Écrit par Droit-medical.com le . Dans la rubrique Evolution

Information médicale par téléphone par les mutuellesLa Mutualité française a lancé, le 28 mai 2009, « Priorité santé mutualiste ». Il s’agit d’un service téléphonique présenté comme un outil « d’information, d’aide à l’orientation et d’accompagnement sur des questions majeures de santé ». Ouvert à tous dans un premier temps, puis uniquement accessible aux adhérents d’une mutuelle de la Mutualité française et à leur entourage, à partir du 1er octobre 2009, à l’aide d’un code d’accès qui leur aura été fourni, cette offre a plusieurs objectifs et le site Internet de la Mutualité donnent plusieurs exemples pour les illustrer. « Un adhérent d’une mutuelle a un rendez-vous pour une première chimiothérapie et se demande en quoi cela consiste ? Il souhaite en savoir plus sur les risques cardio-vasculaires ? Il recherche un établissement de qualité proche de son domicile qui prenne en charge son cancer ? Il s’interroge suite à l’annonce d’une maladie ? Il rencontre des difficultés sociales ou administratives liées à sa pathologie ? Ou encore il souhaite arrêter de fumer, adopter un bon équilibre alimentaire ? » Axé initialement sur quatre thèmes de santé (le cancer, les maladies cardio-vasculaires, les addictions et le maintien de l’autonomie des personnes âgées ou en situation de handicap), ce système d’information comptera une nouvelle thématique fin 2009 : la santé visuelle.

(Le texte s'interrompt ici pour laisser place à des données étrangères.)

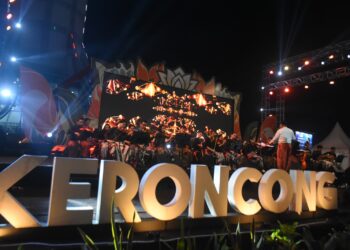 Kolaborasi Ndarboy dan Orkestra Keroncong Svaranusa Hibur Penonton di Purwokerto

Cette initiative semble séduisante, mais ne soulève-t-elle pas des questions de droit et de santé ?

Censée être gage de qualité, c’est vers un “conseiller” que sont dirigés les appels… Le contenu des réponses de ce préposé est validé par un comité d’experts. Face à des patients fragilisés par une maladie comme le cancer, que peuvent valoir des réponses stéréotypées ? Ont-ils besoin que le colloque singulier avec leur médecin ou avec d’autres professionnels de santé, adapté à leur propre cas, soit complété par des informations standardisées ? Il est vrai que la tendance actuelle est à la délégation des tâches, dont les mutuelles sont très demandeuses. Elle est aussi à la médecine en fiches, laissant penser que tous les patients sont identiques et qu’une démarche uniformisée, moins coûteuse, est susceptible de répondre à tous les cas. Les nombreuses jurisprudences en droit de la santé semblent indiquer que tel n’est pas le cas et que tout est loin d’être aussi simple.
Pour les mutuelles, il n’est pas question pour ce numéro d’être un simple service d’écoute, même si ces malades ont souvent besoin d’être écoutés et rassurés avec de simples paroles compréhensives. C’est bien d’information médicale dont il s’agit.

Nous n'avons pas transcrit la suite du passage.